Тем не менее, этот незадачливый студент, который прекратит вскоре посещать университетские занятия, уже высоко оценен как поэт. В 1913 году состоялся и дебют Мандельштама-эссеиста: во второй книжке журнала «Аполлон» был помещен его очерк «О собеседнике». Это первый эссеистический опыт Мандельштама содержит в наброске важную для него концепцию диалога с читателем, «провиденциальным» собеседником будущего, тайным адресатом лирической «почтовой бутылки»: «Письмо, запечатанное в бутылке, адресовано тому, кто найдет ее. Нашел я. Значит, я и есть таинственный адресат» (I, 184). Так говорит поэт, который, кажется, угадывает, что будет плохо понят современниками, и поэтому предназначает свои стихи будущему.

Уже в этом первом очерке со всей определенностью высказано убеждение в том, на что поэт «имеет право»: «Ведь поэзия есть сознание своей правоты» (I, 185). Это сознание предвосхищает ту «моральную силу» акмеизма, которая постулируется в статье «О природе слова» (1922). Три крупнейших акмеиста — Мандельштам, Ахматова, Гумилев — еще не раз проявят это качество в своем отношении к тоталитарной власти. Правда, им придется дорого заплатить за радикальное «сознание своей правоты». Их неумолимо жестокое будущее вряд ли имело что-либо общее с фантастическими видениями футуристов.

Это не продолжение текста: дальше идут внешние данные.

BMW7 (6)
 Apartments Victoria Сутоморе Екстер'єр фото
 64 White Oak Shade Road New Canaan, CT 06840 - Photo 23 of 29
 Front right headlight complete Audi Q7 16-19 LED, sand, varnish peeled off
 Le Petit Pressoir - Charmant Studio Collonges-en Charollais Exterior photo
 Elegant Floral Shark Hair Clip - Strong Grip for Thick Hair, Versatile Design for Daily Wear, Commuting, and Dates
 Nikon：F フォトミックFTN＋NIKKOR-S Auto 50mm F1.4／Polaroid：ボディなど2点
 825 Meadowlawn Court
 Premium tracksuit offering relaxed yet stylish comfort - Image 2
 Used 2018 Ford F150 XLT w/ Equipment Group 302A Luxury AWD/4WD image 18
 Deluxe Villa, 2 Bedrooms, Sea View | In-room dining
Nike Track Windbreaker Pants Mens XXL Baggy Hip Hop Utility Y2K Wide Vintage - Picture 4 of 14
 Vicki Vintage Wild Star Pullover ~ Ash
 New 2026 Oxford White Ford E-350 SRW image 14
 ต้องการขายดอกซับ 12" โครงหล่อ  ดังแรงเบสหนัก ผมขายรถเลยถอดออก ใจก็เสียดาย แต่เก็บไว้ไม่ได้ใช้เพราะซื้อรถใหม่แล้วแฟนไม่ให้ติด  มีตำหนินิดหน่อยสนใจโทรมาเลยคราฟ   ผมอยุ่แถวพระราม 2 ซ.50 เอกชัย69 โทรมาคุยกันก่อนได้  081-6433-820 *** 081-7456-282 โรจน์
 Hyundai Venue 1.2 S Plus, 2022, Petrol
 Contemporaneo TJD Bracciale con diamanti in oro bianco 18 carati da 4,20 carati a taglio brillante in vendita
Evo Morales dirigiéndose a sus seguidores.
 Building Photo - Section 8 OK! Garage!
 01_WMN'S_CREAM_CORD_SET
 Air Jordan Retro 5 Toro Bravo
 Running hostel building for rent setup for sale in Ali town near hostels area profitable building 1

Другим понятием, существенным для молодого Мандельштама, была «внутренняя свобода», которую он открыл благодаря одному русскому философу. Освобождение от символизма, вновь обретенная тематическая, стилистическая и идейная свобода — все это грозило иссякнуть в необузданной и поверхностной атмосфере петербургской богемы. Мандельштам пытался вдохнуть в «свободу» какой-то новый смысл. В своих поисках он наткнулся на «Сочинения и письма» Петра Чаадаева, изданные Михаилом Гершензоном как раз в 1913–1914 годах.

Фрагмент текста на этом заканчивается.